> _Records for the exercise_:
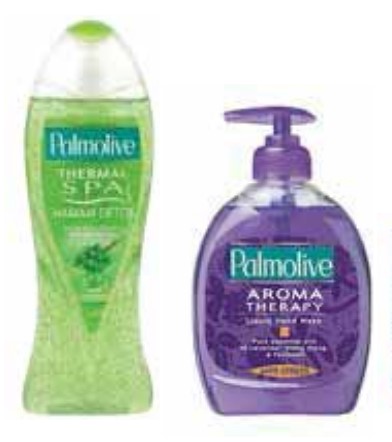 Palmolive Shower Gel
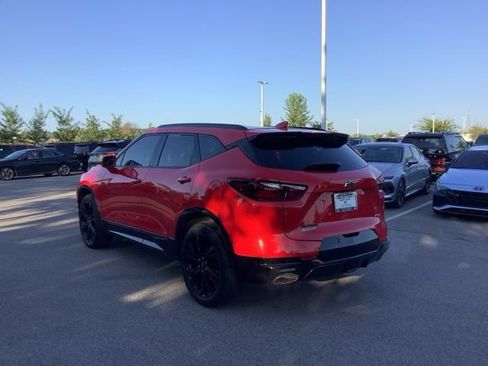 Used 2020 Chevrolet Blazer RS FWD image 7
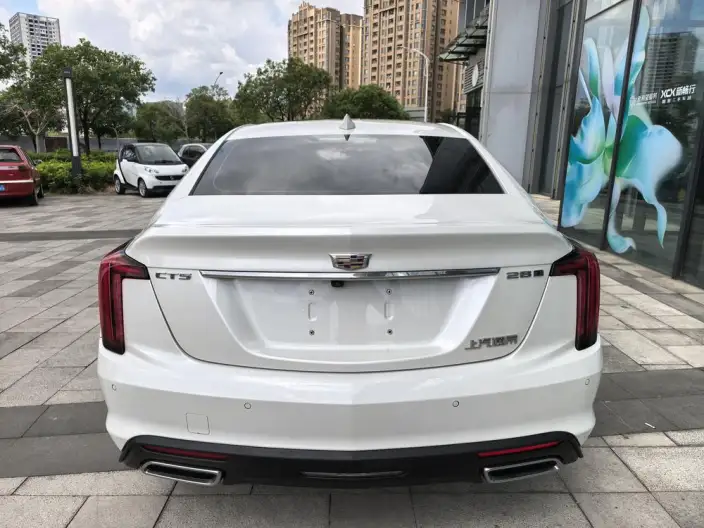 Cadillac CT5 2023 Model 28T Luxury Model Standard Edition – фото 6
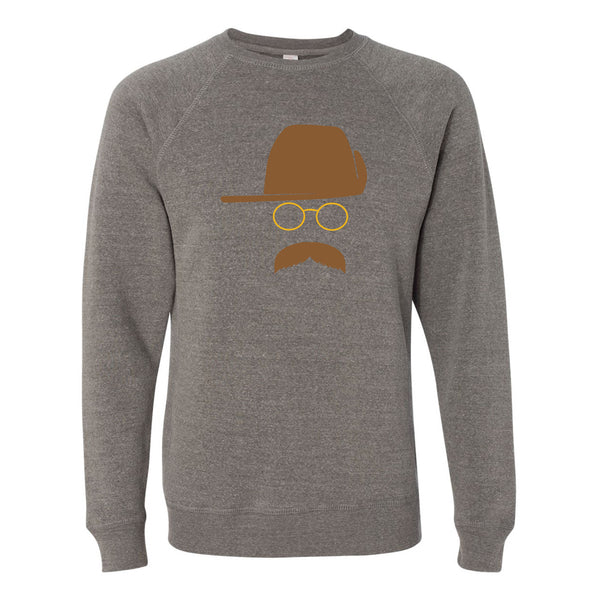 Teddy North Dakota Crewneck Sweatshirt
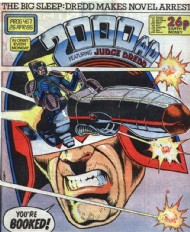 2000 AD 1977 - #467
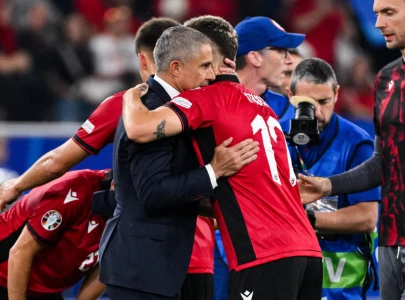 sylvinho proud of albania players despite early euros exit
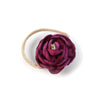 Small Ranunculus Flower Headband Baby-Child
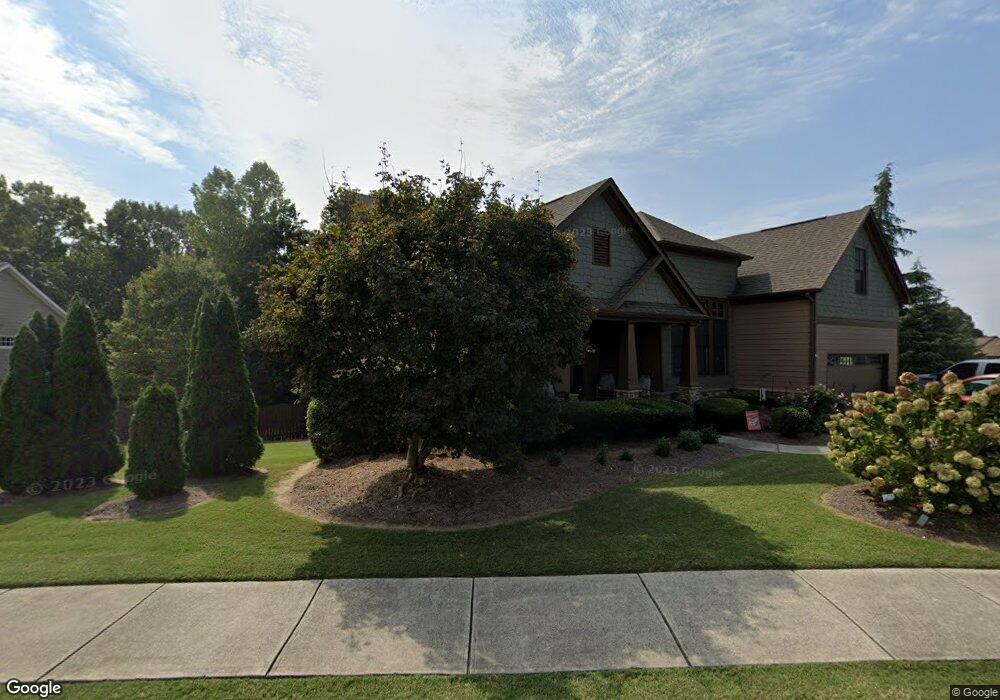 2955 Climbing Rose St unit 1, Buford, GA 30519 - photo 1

* * *

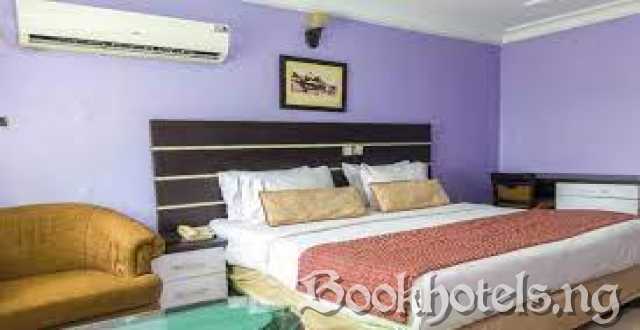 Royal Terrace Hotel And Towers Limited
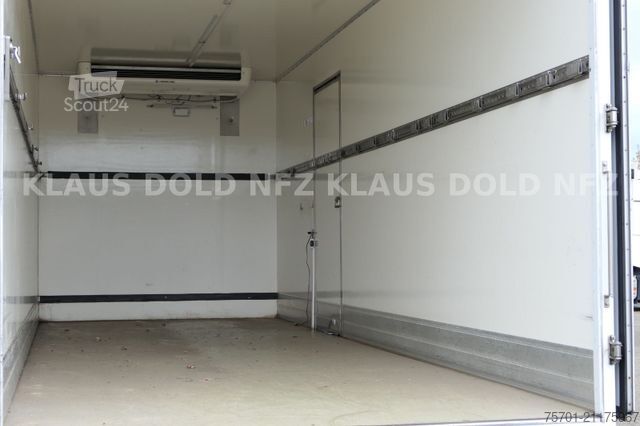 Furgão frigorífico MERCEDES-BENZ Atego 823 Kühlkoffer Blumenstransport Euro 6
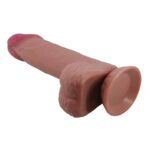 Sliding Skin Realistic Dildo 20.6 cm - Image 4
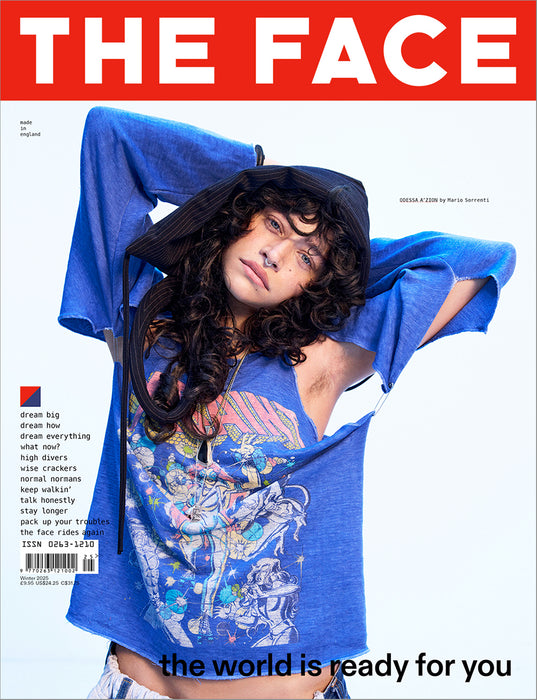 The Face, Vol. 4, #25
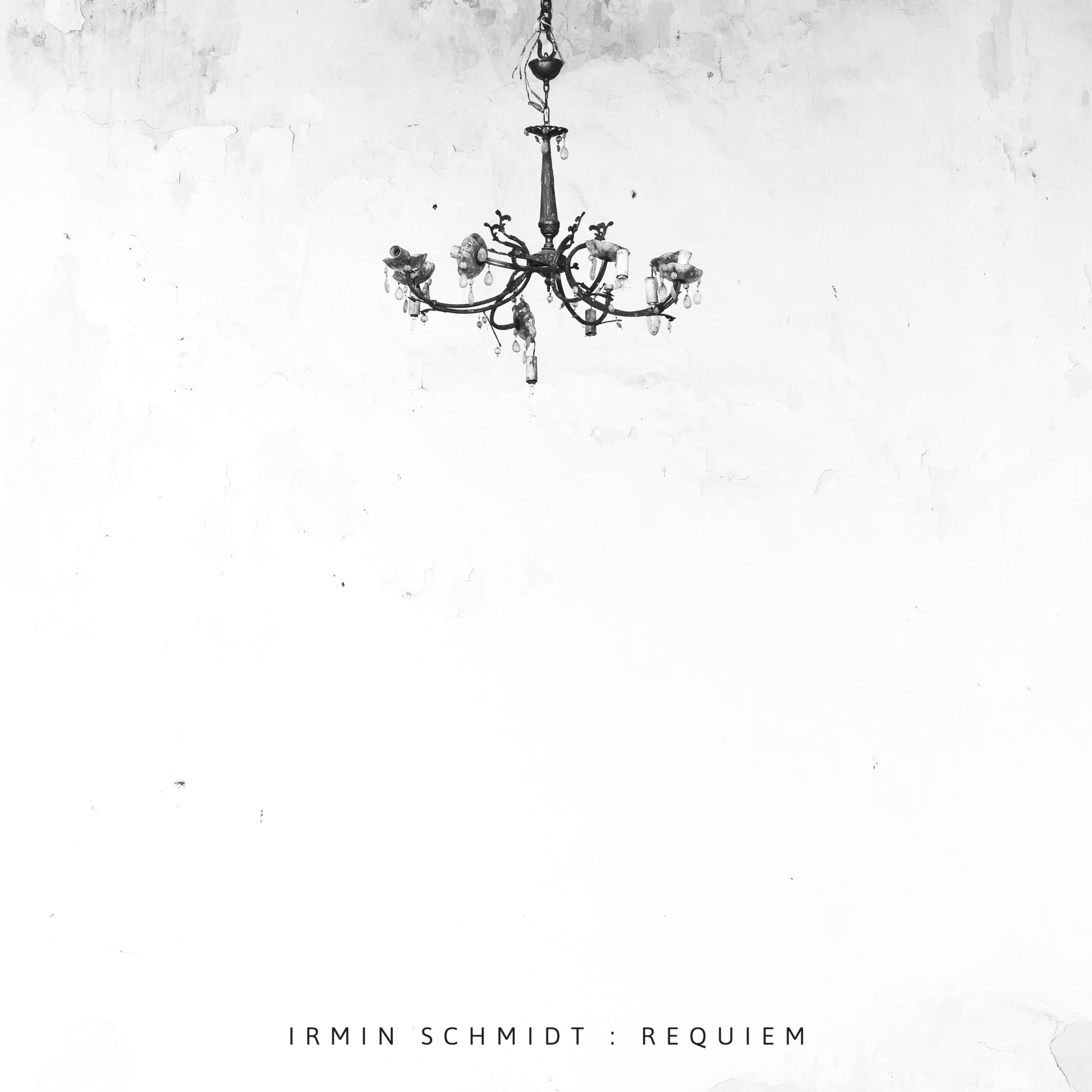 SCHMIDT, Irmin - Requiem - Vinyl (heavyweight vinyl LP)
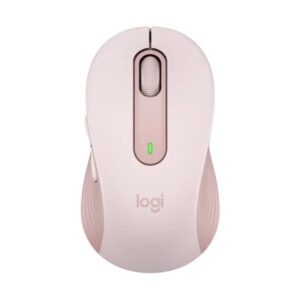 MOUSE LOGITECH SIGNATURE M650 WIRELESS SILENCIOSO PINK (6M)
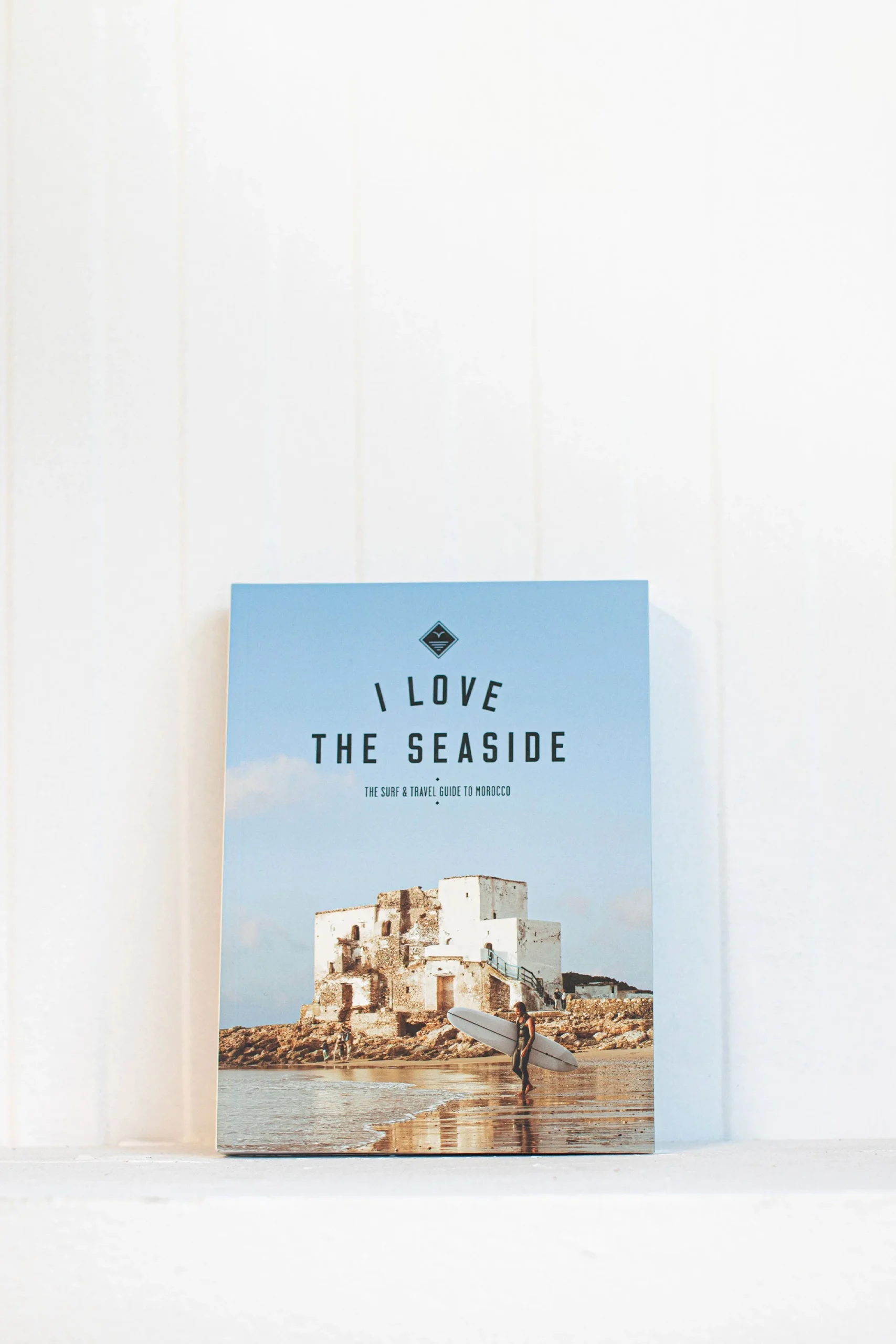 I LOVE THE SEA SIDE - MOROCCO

---

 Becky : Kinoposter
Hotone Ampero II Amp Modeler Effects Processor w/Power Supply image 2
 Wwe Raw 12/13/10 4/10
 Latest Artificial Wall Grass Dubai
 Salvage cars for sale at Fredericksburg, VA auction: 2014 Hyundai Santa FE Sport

> _Aim of the task_: Nothing outside the stretch above, from the line with "Furgão frigorífico MERCEDES-BENZ" through the line with "I LOVE THE SEA SIDE - MOROCCO", is set down. Transcribe that stretch exactly, ends included, but not its pictures.

> _Response area_:
 Furgão frigorífico MERCEDES-BENZ Atego 823 Kühlkoffer Blumenstransport Euro 6
 Sliding Skin Realistic Dildo 20.6 cm - Image 4
 The Face, Vol. 4, #25
 SCHMIDT, Irmin - Requiem - Vinyl (heavyweight vinyl LP)
 MOUSE LOGITECH SIGNATURE M650 WIRELESS SILENCIOSO PINK (6M)
 I LOVE THE SEA SIDE - MOROCCO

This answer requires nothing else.